**WORK TO BE COMPLETED:**
What lines below mention the word "race"? Copy each one.

Segment Start: DATA FOR REVIEW

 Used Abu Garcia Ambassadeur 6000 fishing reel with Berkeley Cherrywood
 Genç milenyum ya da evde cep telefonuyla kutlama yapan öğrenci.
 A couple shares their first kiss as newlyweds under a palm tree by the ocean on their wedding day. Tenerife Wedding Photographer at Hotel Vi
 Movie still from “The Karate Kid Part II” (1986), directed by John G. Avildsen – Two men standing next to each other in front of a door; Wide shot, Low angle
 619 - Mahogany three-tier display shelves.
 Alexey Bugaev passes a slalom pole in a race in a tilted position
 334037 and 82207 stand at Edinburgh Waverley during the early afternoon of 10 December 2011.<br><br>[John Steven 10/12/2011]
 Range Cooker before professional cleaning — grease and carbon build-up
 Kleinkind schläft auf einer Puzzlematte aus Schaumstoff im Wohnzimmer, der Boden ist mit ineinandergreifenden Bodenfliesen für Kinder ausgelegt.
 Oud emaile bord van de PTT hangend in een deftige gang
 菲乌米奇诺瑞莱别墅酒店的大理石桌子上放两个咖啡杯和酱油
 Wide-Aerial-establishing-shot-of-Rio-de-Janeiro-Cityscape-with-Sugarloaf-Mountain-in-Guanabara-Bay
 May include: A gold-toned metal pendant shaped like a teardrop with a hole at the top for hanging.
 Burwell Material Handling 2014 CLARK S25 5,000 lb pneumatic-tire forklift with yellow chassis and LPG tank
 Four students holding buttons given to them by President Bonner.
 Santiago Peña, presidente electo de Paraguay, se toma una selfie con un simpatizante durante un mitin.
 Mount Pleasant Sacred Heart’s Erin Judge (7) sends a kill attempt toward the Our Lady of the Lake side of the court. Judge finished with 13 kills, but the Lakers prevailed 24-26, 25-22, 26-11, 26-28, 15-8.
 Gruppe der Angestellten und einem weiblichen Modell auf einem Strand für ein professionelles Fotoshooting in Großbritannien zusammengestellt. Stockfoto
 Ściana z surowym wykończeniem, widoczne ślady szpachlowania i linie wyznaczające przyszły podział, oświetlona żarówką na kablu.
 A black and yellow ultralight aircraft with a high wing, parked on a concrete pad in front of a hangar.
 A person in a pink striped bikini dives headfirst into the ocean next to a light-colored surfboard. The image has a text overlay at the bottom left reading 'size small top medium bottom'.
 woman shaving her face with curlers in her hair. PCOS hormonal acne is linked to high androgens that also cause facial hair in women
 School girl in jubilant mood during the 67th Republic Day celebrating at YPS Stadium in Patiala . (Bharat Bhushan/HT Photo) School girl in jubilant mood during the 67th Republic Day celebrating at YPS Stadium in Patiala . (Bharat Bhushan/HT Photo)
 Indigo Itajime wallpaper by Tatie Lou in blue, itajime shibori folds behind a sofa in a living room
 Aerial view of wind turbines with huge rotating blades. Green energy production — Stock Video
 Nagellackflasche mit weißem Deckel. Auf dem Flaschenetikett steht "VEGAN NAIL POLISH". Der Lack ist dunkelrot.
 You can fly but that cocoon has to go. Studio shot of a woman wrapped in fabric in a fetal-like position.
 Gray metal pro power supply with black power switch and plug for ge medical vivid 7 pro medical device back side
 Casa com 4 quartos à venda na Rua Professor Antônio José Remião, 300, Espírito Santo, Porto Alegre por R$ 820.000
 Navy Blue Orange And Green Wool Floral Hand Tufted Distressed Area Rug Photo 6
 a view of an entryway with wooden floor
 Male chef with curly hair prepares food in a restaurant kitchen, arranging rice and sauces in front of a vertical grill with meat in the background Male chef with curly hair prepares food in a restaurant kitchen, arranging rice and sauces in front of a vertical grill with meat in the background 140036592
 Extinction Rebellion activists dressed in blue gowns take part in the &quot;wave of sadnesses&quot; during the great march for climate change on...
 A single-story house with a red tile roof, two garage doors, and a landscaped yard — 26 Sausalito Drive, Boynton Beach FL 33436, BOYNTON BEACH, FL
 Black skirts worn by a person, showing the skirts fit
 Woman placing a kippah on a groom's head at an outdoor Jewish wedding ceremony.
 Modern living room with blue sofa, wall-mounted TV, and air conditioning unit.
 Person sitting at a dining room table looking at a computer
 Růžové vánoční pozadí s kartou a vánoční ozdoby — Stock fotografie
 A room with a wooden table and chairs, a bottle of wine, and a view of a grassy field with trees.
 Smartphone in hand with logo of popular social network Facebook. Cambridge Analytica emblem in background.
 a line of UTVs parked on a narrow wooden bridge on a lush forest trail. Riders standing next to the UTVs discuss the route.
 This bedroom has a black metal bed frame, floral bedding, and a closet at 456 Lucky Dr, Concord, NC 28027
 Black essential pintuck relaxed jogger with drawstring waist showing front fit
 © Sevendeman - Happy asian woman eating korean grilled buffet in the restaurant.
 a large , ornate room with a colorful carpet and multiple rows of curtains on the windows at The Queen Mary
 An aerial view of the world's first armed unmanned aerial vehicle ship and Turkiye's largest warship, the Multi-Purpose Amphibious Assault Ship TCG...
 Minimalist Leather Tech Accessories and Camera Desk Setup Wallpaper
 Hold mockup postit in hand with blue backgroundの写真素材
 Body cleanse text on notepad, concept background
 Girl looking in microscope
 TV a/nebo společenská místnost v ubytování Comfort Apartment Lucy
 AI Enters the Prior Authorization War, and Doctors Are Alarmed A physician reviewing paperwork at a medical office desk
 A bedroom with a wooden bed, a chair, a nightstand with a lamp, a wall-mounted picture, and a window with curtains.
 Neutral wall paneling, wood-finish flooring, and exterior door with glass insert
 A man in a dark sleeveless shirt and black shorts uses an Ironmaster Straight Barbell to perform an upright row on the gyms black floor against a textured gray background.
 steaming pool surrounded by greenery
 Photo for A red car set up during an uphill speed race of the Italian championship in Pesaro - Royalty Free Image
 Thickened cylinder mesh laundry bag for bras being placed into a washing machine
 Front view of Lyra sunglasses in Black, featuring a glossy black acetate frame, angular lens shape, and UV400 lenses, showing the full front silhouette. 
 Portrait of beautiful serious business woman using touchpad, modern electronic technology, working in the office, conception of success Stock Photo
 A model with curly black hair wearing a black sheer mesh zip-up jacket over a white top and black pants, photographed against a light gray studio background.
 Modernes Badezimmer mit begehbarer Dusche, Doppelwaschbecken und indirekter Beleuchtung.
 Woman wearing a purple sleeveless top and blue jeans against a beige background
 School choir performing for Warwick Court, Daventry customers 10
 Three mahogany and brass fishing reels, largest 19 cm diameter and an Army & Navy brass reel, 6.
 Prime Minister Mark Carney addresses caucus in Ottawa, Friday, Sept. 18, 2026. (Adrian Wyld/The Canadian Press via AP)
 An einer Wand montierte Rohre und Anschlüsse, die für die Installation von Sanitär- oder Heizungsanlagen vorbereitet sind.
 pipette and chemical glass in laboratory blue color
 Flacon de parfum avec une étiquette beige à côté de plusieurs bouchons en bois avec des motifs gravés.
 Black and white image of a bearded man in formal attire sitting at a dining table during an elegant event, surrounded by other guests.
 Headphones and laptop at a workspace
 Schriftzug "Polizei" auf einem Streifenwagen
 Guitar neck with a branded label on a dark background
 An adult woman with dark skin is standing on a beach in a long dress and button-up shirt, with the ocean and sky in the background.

Segment End: DATA FOR REVIEW

**THE COMPLETED TASK:**
 Alexey Bugaev passes a slalom pole in a race in a tilted position
 Photo for A red car set up during an uphill speed race of the Italian championship in Pesaro - Royalty Free Image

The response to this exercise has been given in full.